The director defendants maintain that they may not be held individually and personally liable in a wrongful death action for injuries sustained by an employee of a charitable corporation in the course of employment where the corporation is not itself liable due to the exclusive remedy provision of the act. Here, North Suffolk is not liable because the wrongful death statute yields to the exclusive remedy provision of the act. See G. L. c. 229, § 2. Otherwise put, in cases in which an employee sues an employer for wrongful death damages, the provisions of that statute preclude "any civil action for wrongful death of an employee who is subject to the provisions of the workers' compensation laws." Peerless Ins. Co. v. Hartford Ins. Co., 48 Mass. App. Ct. 551 , 554 (2000). Maintaining both that Moulton is an employee subject to the provisions of the act and that the term "employer" encompasses not only North Suffolk, but the director defendants as well, the latter assert that they are as a matter of law immune from this wrongful death action.
a. Statutory scheme. Compensation under the act is the exclusive remedy for injuries to an employee suffered in the course of employment, regardless of the wrongfulness of the employer's conduct, Foley v. Polaroid Corp., 381 Mass. 545 ,
551-552 (1980), or the foreseeability of harm. See Saab v. Massachusetts CVS Pharm., LLC, 452 Mass. 564 , 567 (2008) (Saab). Enacted in 1911, the act was intended to guarantee that workers would receive payment for any workplace injuries they suffered, regardless of fault; in exchange for accepting the statutory remedies, the worker waives any common-law right to compensation for tort injuries. See St. 1911, c. 751, pt. 1, § 5, and pt. 5, § 1; Foley v. Polaroid Corp., supra at 548-549. "Unlike damages in torts, compensation under the act 'is by way of relief from inability to earn, or for deprivation of support flowing from, wages theretofore received by the employee.' " Foley v. Polaroid Corp., supra at 552 n.5, quoting Ahmed's Case, 278 Mass. 180 , 183 (1932).

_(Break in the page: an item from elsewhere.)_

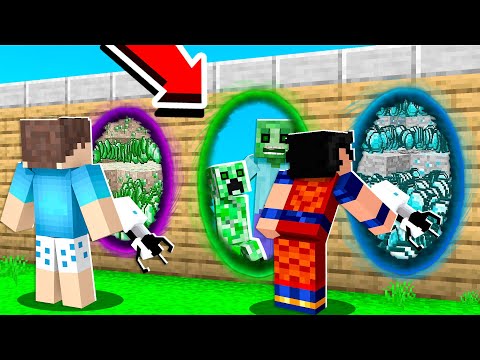 CRIEI PORTAIS ESPECIAIS COM A PORTAL GUN NO MINECRAFT!!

The act eliminates piecemeal tort litigation and tort claims by individual workers, which are time-consuming, expensive, and afford no guarantee of compensation. See Foley v. Polaroid Corp., supra at 548-549. The bargain that is struck by the act provides predictability for both employee and employer, balancing protection for workers with certainty for employers. See Saab, supra at 567, and cases cited. While insured employers forfeit any defenses they might otherwise have had as to fault, they are protected from suit for workplace injuries, and thereby gain predictability and cost containment in conjunction with such injuries. See Wentworth v. Henry C. Baker Custom Bldg., Ltd., 459 Mass. 768 , 773 nn.6, 7 (2011); Correia v. Firestone Tire & Rubber Co., Inc., 388 Mass. 342 , 349-350 (1983).

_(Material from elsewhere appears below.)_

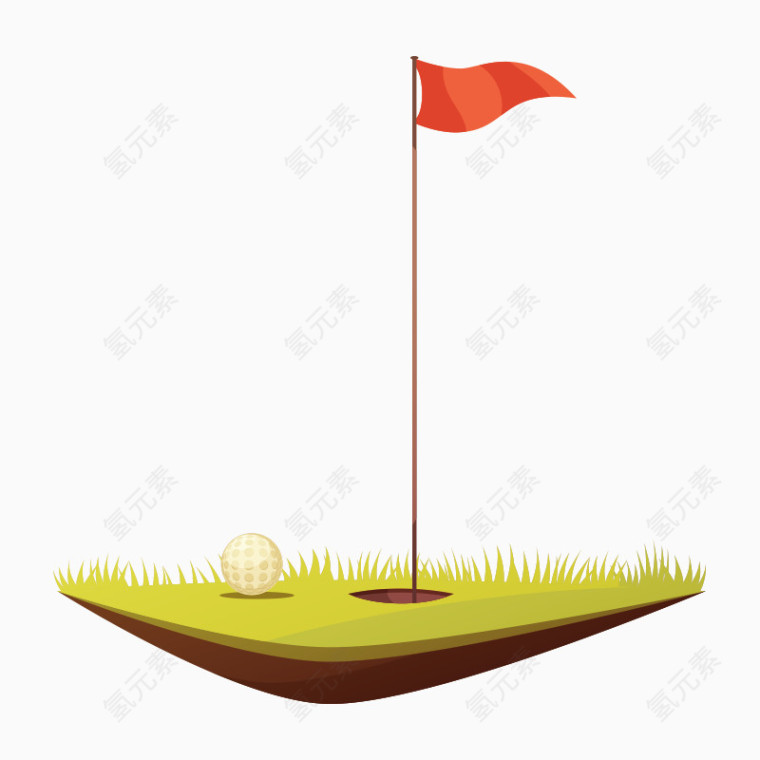 高尔夫进球口旗帜素材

The so-called exclusivity provision of the act does not permit a covered employee both to recover compensation benefits under the act and to sue her employer to recover for an injury covered by the act. The exclusivity provision "has been the cornerstone of our Workers' Compensation Act. Our exclusivity provision is very broad. The Legislature has had opportunities to narrow its scope, and has not done so." Berger v. H.P. Hood, Inc., 416 Mass. 652 , 656 (1993). While an employee need not forgo the right to bring common-law tort claims against her employer, and may instead waive any compensation payments under the act, an employee so choosing must notify the employer in writing, at the time of hire, that she does not waive the
common-law right of action. [Note 11] See G. L. c. 152, § 24; Foley v. Polaroid Corp., supra at 548-549. The plaintiff's complaint makes no allegation that Moulton waived her right to compensation under the act. [Note 12]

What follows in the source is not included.